I once interviewed a business leader who would work remtely for an hour at a Waffle House before going into the office. Once he was at his desk, people would need things. He wouldn’t want to convey that his employees were a distraction from more important work, so putting in that early hour let him relax the rest of the day.
Similarly, if you finish something big before breakfast, you’ll be calmer when somebody comes into your home office to ask where the stapler went even though you know they borrowed it last night.
Analyze and troubleshoot. If you’ve got older children, understanding the nature of interruptions can help you minimize them. Take notes for a few days. If you’re frequently asked for snacks, maybe they need to be made more accessible. If you’re doing tech support, try teaching a troubleshooting session. Check the inventory of school supplies. Post the day’s meal menu in the kitchen.
You might also decide that certain bids for attention are best met. Online learning gets lonely (just as working from home gets lonely). You can lose a morning battling a child’s requests to play a game of cards during her breaks from classes. Play on the first request, and she might move on to playing independently.
Use signs (and share schedules). By mid-elementary school, children can understand that there are times when Mom or Dad can’t be distracted. So talk through your schedule over breakfast; kids might appreciate that a call with a new client requires quiet, while a call with a longtime colleague does not.
To reinforce this, put a stop sign on your office door when you can’t be interrupted. This works best if you share times when you are fully available – perhaps coordinating your breaks with your kids’ breaks and heading outside for fresh air together. Colleagues can be similarly trained when you’re back in the office with a sign such as noise-canceling headphones (and schedule transparency, too).
Use a “later” list. Although kids often get blamed for productivity woes, we should be honest: They aren’t the only source of distraction. At home, undone chores can be equally pernicious. You sit down to ponder something important and then think, “Hey! I need to move the clothes to the dryer!”
While up, you notice that there is unopened mail on the counter and … there goes 20 minutes. One solution? Keep a notebook next to you while you’re doing any sort of deep work. If a thought or task pops into your brain, write it there. Then you can tackle it “later” – during a scheduled break.

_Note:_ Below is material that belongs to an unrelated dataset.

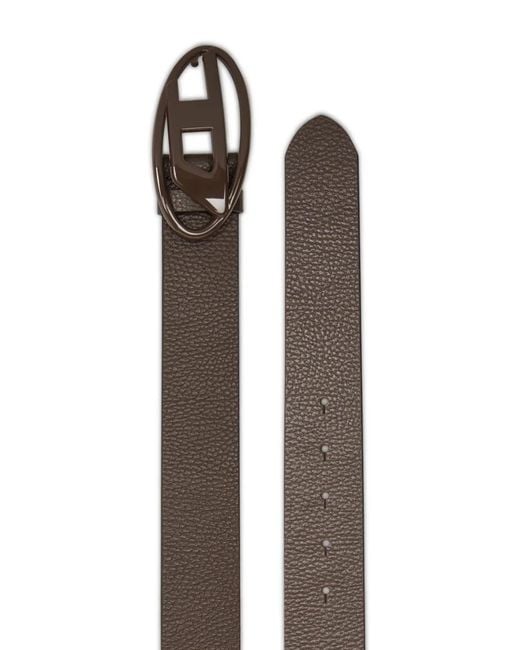 DIESEL Brown 4Cm Leather Belt With Matte Oval D Buckle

This goes for work distractions, too. Hunting for information you know your colleague sent in an email means going into the rabbit hole of your inbox. So don’t do it until you break for coffee. Focus is difficult enough as it is. You don’t want to distract yourself.
Laura Vanderkam is the author of “The New Corner Office: How the Most Successful People Work from Home.” She lives outside Philadelphia with her husband and five children.